The only attack on the typicality of FMC Pension Group is on the ground that the group's interests are not typical of plaintiffs whose claims arise under the Securities Act because the group only asserts claims under the Exchange Act. However, on a number of occasions, courts have found a class representative typical even if the class representative is representing claims of both Securities Act and Exchange Act claimants.Thornton. 114 F.R.D. at 603. See, e.g., Cameron v. E.M. Adams Co., 547 F.2d 473 (9th Cir. 1976) (class included both public offering and aftermarket buyers); In re Activision Sec. Litig., 621 F. Supp. 415, 433 (N.D. Cal. 1985) ("It is no barrier that [a] plaintiff may have purchased . . . stock pursuant to the initial offering yet he seeks to represent purchasers in the aftermarket."); Weinbereer v. Jackson, 102 F.R.D. 839, 842 (N.D. Cal. 1984); hi re Victor Technologies Sec. Litig., 102 F.R.D. 53 (N.D. Cal. 1984) (certified class includes public offering purchasers and aftermarket purchasers). Therefore, FMC Pension Group has made a preliminary showing of both adequacy and typicality under Rule 23.

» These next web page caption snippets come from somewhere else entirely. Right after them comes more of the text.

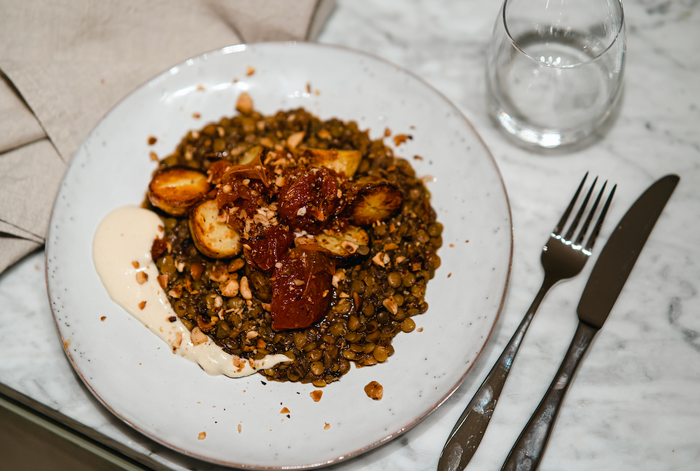 Ragu på gröna linser, rostad aubergine, rödvinssås, vitlöksrostad delikatesspotatis, hasselnötter och inlagda gravade tomater.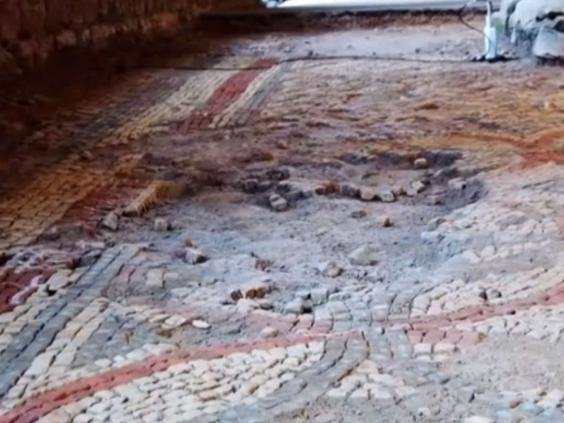 Nền gạch lát tại khu biệt thự La Mã cổ mới phát hiện ở Wiltshire - Ảnh: PA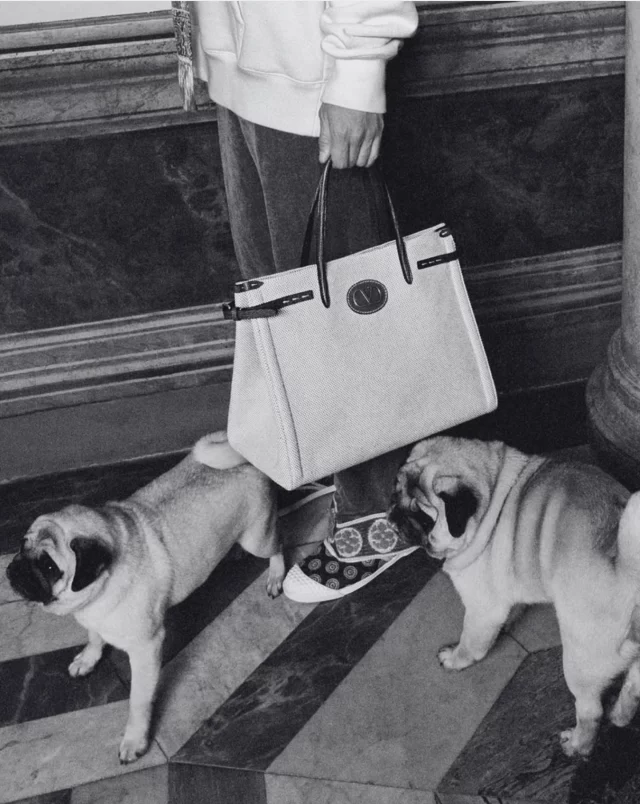 Effortless style, all day.
Shop now at #michaelmeyerstores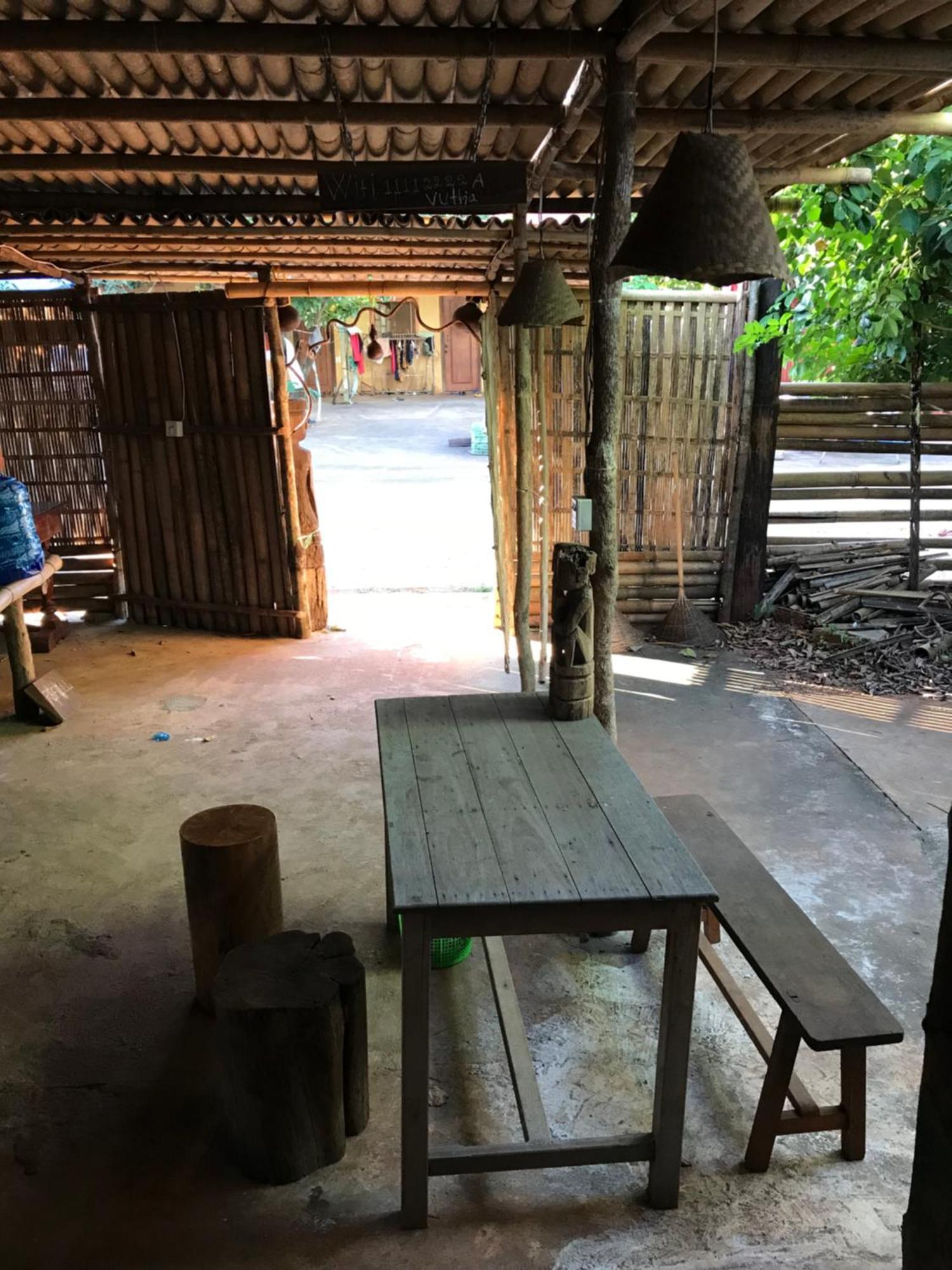 Happy Homestay Banlung & Trekking Экстерьер фото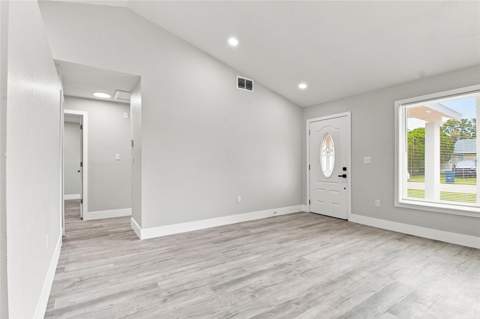 7342 Ivory Terrace, New Port Richey FL - photo 7 of 31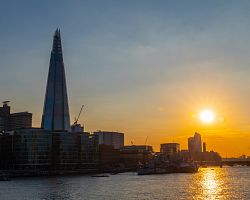 Okouzlující Londýn při západu slunce s výhledem na mrakodrap The Shard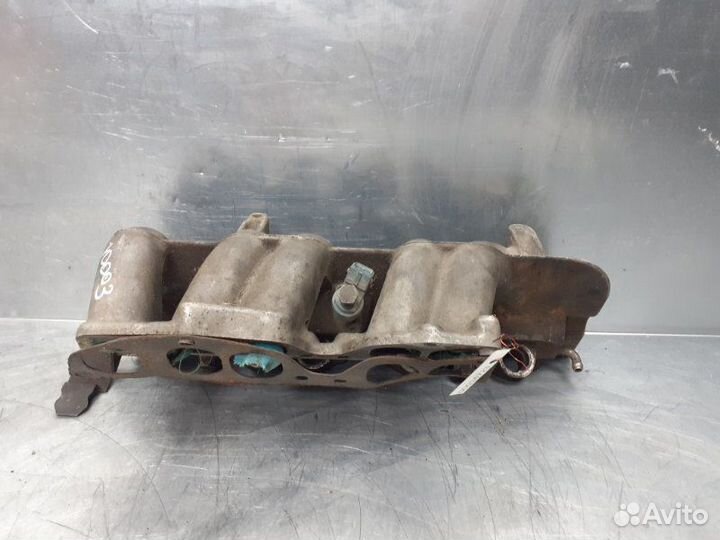 Коллектор впускной Audi 100 C4 1991-1994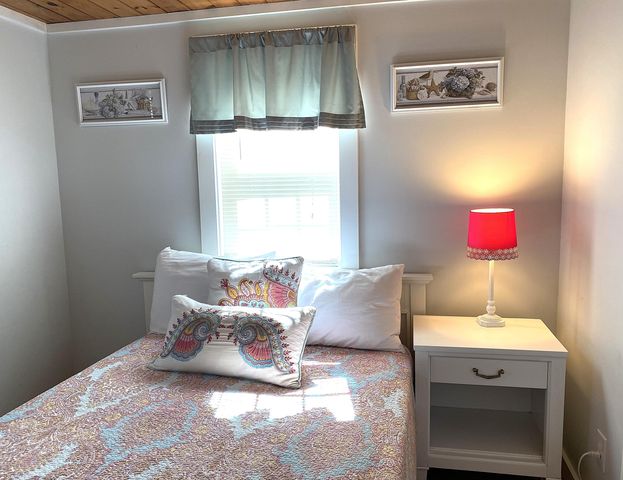 8 Wharf Avenue, Mashpee, MA 02649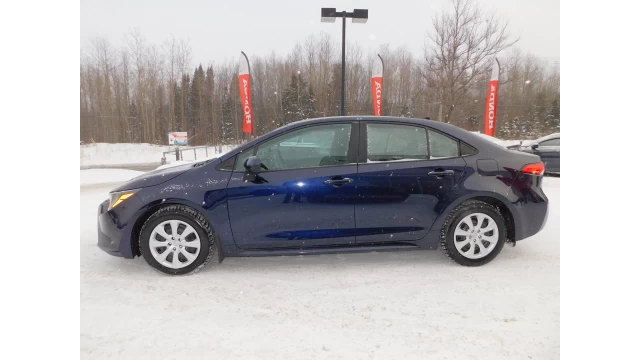 Toyota Corolla LE 2024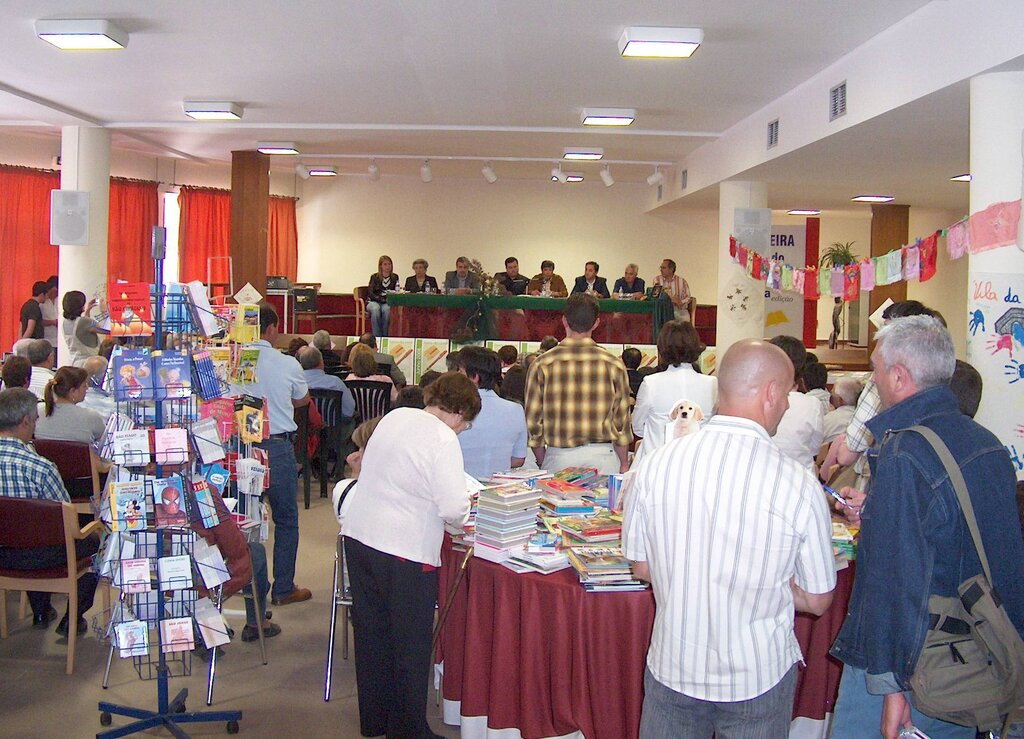 Livro "O homem não cresce num Verão" apresentado na Feira do Livro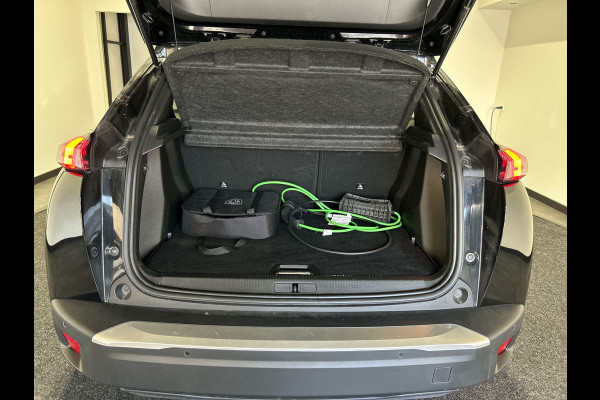 Peugeot e-2008 EV Allure 50 kWh | Navigatie | Parkeersensor achter | SoH ( batterijtest ) 100 % score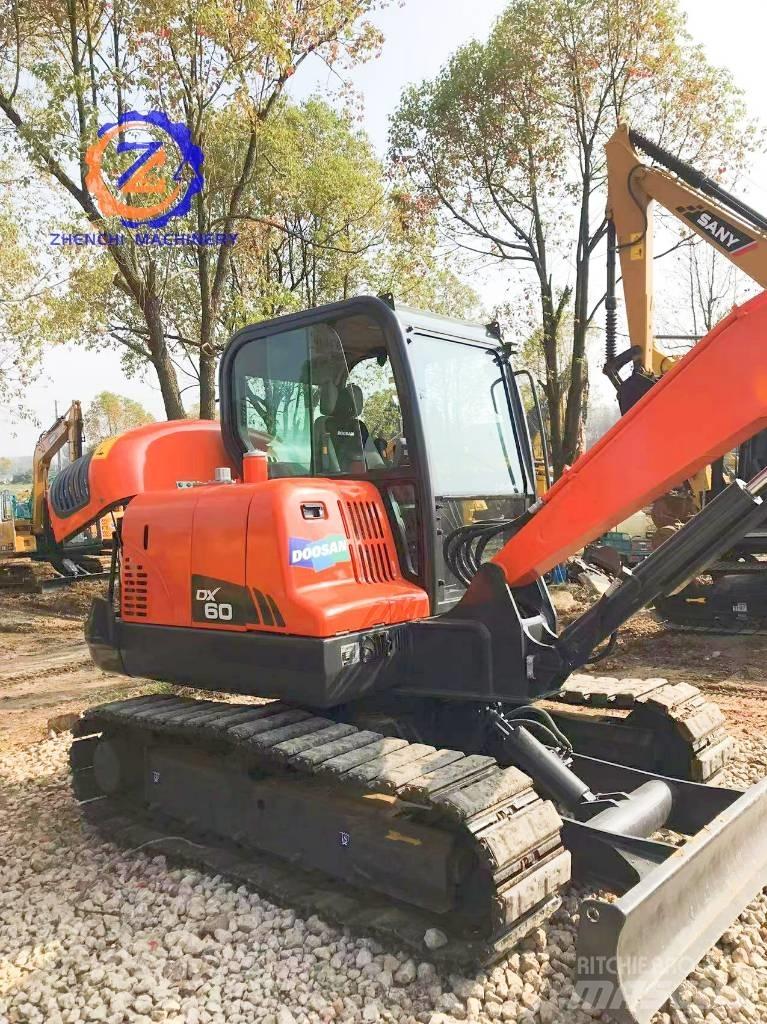 Doosan DX 60 Mini pelle < 7t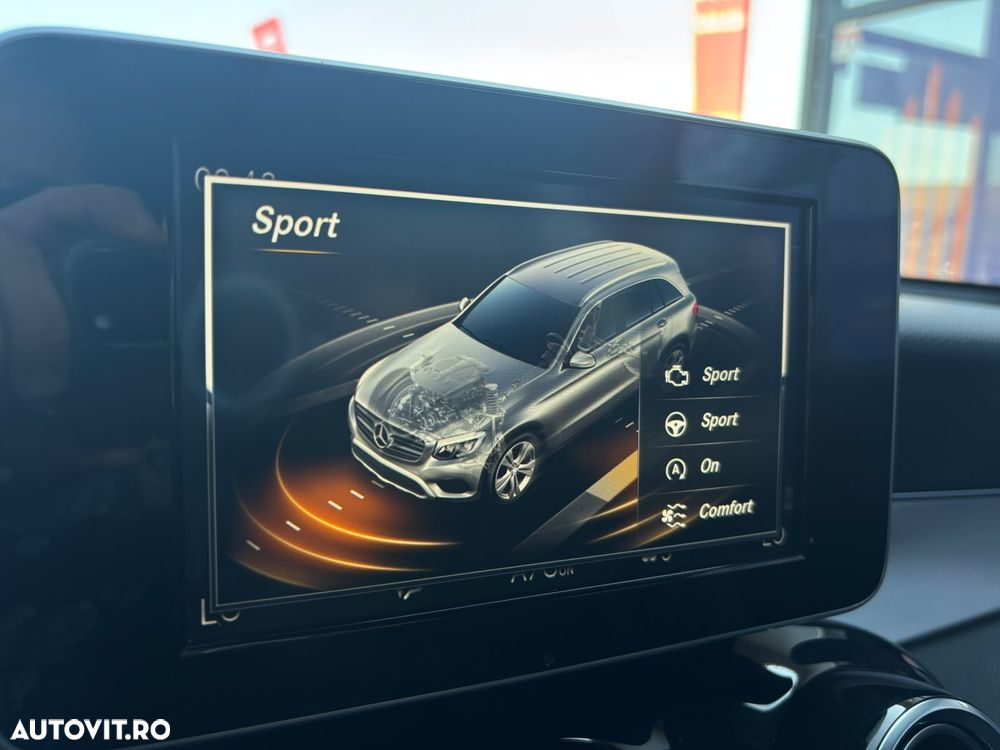 Mercedes-Benz GLC 220 d 4MATIC 9G-TRONIC AMG Line - 26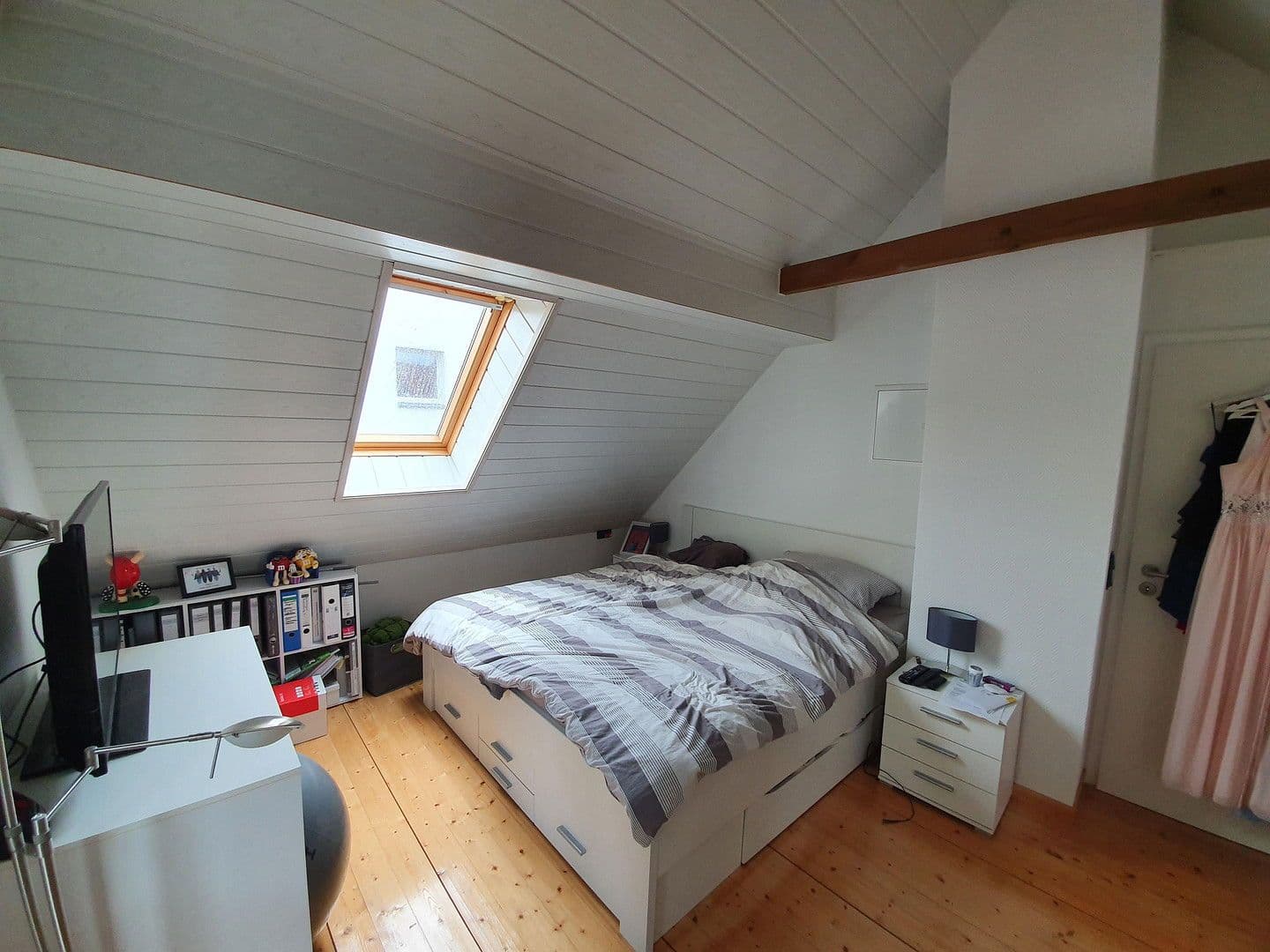 Prodej domu 110 m², pozemek 493 m², Anemonenweg 9a, Laatzen, Dolní Sasko Prodej domu 110 m², pozemek 493 m², Anemonenweg 9a, Laatzen, Dolní Sasko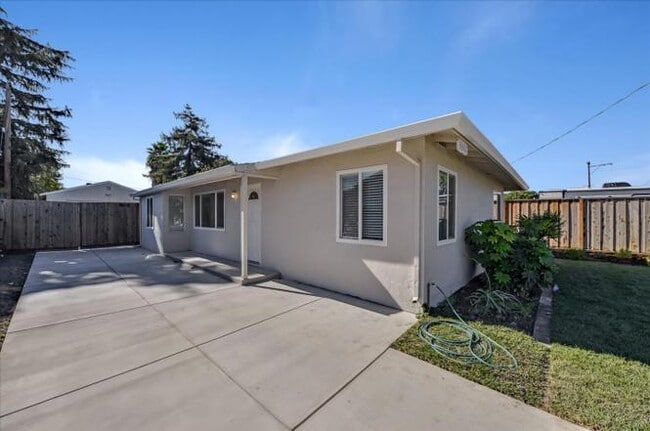 Building Photo - 3360 Warburton Ave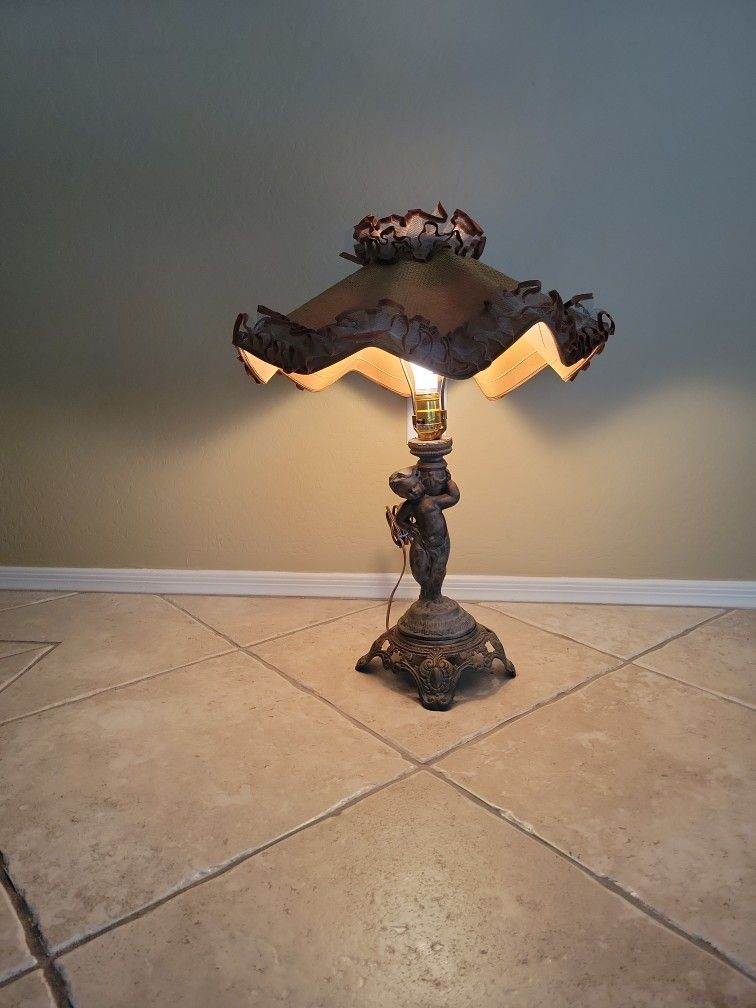 Antique Cherub Table Lamp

4. Rebutting the Presumption
The final step under the PSLRA allows competing plaintiffs to attempt to rebut the presumptive lead plaintiffs qualifications under Rule 23.Cavanaugh. 306 F.3d at 729. The presumption concerning lead plaintiff can only be rebutted in two ways: 1) by a showing that the presumptively most adequate plaintiff will not fairly or adequately protect the interests of the class, or 2) by a showing that the presumptively most adequate plaintiff is subject to unique defenses that render the plaintiff incapable of adequately representing the interests of the class. 15 U.S.C. § 78u-4(a)(3)(B)(iii)(II); Advanced Tissue. 184 F.R.D. at 250-51. At this step of the inquiry, the process is adversarial and the other plaintiffs may present evidence disputing the lead plaintiffs prima facie showing of typicality and adequacy. Cavanaueh, 306 F.3d at 729.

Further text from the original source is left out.